● Task directions: In the records below, find the line with "Rotorua: Kaituna River" and the line with "bwt b100 robotic". Print both exactly, along with every line between them, and no other line.

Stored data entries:
+++

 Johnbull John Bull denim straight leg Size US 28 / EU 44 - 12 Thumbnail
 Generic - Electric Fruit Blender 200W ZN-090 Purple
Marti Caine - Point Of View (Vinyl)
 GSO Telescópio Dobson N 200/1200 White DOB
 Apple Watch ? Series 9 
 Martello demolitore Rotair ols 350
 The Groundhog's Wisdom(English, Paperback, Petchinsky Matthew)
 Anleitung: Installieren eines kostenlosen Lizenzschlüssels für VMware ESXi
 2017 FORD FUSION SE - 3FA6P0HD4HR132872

+++

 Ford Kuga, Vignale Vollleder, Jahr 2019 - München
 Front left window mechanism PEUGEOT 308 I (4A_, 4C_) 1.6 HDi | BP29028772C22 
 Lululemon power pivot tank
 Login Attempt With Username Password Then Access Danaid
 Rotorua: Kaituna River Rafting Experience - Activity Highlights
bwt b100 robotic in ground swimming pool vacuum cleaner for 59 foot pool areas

+++

● Output for this task:
 Rotorua: Kaituna River Rafting Experience - Activity Highlights
bwt b100 robotic in ground swimming pool vacuum cleaner for 59 foot pool areas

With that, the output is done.